What does all this mean for the Childs report? Well, that’s where breastfeeding comes back in. Surely, we’d like our MPs to miss as little parliamentary action as possible: they’ve been chosen to undertake an essential societal role. And it’s almost as accepted that breastfeeding is beneficial for babies, as it is that only mothers can feed them in that way. Therefore, breastfeeding — something that needs to be done regularly and on demand for the first months of a baby’s life, takes some time, and is hardly a disruptive activity — seems an unjust reason to prevent a member’s attendance in the house, if she is otherwise keen and able to be there. If we want to afford justice distributively, then as well as allowing for difference, we must also recognise cases in which people are unjustifiably being treated unequally. On those grounds, not to permit breastfeeding in the chamber seems unfair and detrimental.

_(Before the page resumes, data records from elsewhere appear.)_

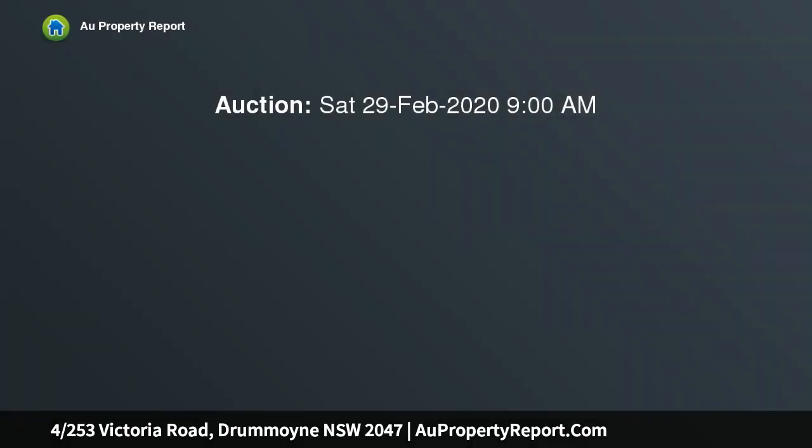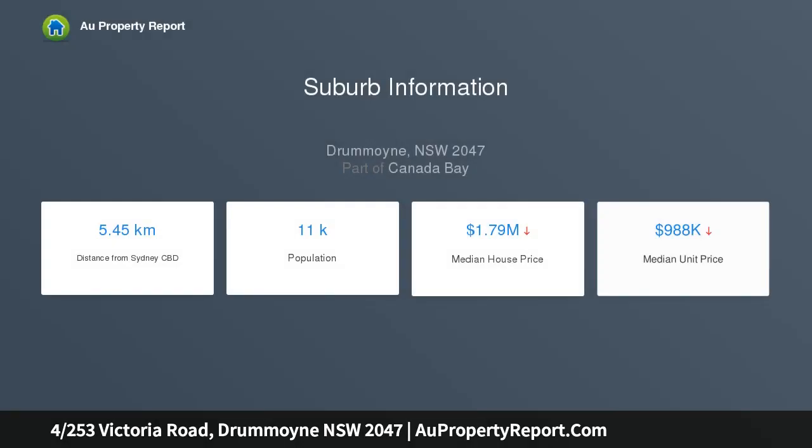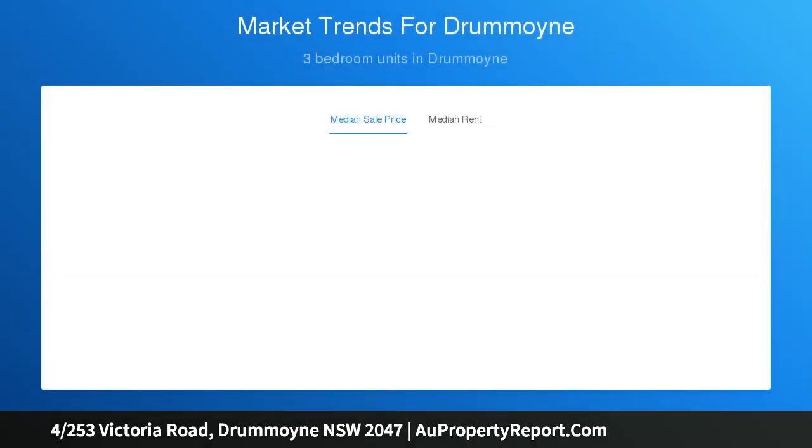Enjoy a perfect blend of bayside living and village convenience in this oversized two-bedroom apartment, just 500 meters to waterfront parkland and Five Dock Bay boat ramp. Occupying a sunny northeast corner setting in a quality double-brick block of 12, the bright and spacious apartment features huge open-plan living space with a large modern kitchen and covered balcony, ideal for the professional buyer or investor.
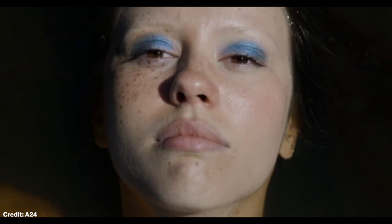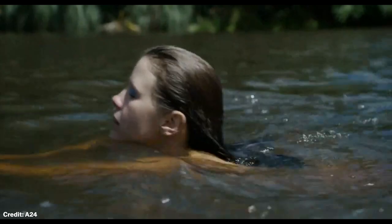This is Maxine, played by Mia Goth, and she's gone for a swim in this murky lake. But there's an alligator. We watch as Maxine, oblivious to the alligator's presence, nonchalantly makes her way back to the dock.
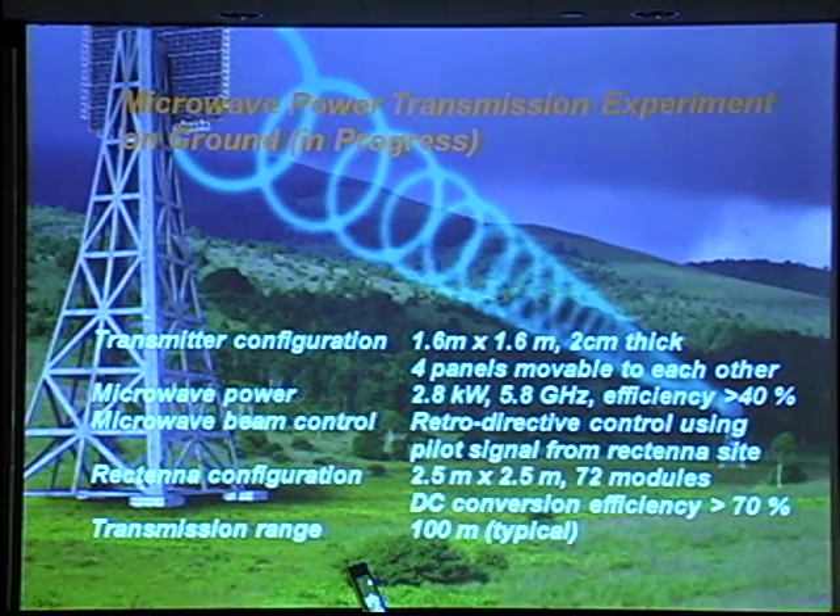I will show the experiments for transmitting energy. First, the microwave power transmission experiment on the ground. The transmitter antenna is 1.6 meters × 1.6 meters with four panels. Transmitting power is 2.8 kilowatts, and the frequency is 5.8 gigahertz. The efficiency of conversion from electric power to microwave is more than 40%. Microwave beam control uses retro-directive control with a pilot signal from the rectenna site.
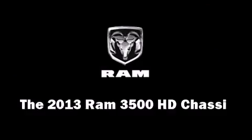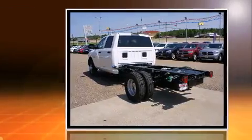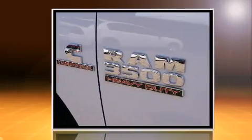Come test drive this 2013 Ram 3500 HD chassis. Top features include air conditioning, a tachometer, fully automatic headlights, turn signal indicator mirrors, and one-touch window functionality.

Setting gender quotas for witness panels, however, seems irrelevant and negligent: witnesses should be selected on merit, by considering their awareness of the committee’s topic of enquiry, not their biology. This is also true for Childs’ suggestions on parliamentary candidate selection; it should be for parties to choose their own procedures, anyway. (Ok, it’s a cheap shot, but on a measure of the quantity of women in high office, the Conservatives — who don’t have quotas — are doing notably better on this score, at the moment, than Labour — who do.)
Our parliament is representative in that its members act for us, not in that they are identical to us, in any sense. More than ever, in these uncertain times, we need our representatives to be the people who are most suited to taking on this position of responsibility. If those people do not fit a diversity quota, then not only is it unfair for us to use that to discriminate against them, but society loses out if we do, too. You might argue that this unfairness and loss is excusable for the social positivity an enforced balance emits, but we don’t have the luxury of being able to turn down the best individual candidates in order to send out a superficial, confused, and potentially counterproductive message about group representation. And, as Childs points out, it is not the case that ‘only female MPs can “stand for” women, or that only BME MPs “act for” minority ethnic groups’. If MPs are not representing their constituents proficiently, that must be addressed.
If MPs are good representatives, however, then we should press for people from all backgrounds to have the opportunity to learn from them, and — if they are individually suited to it — to try to become MPs themselves. One way to help might be to follow Childs’ suggestion about monitoring parliamentary activity. But wannabe MPs should concentrate on that monitored activity’s exemplary content, rather than the ‘social characteristics’ of the members involved.
Yes, reducing inequality fairly takes longer, but it’s more than worth the wait.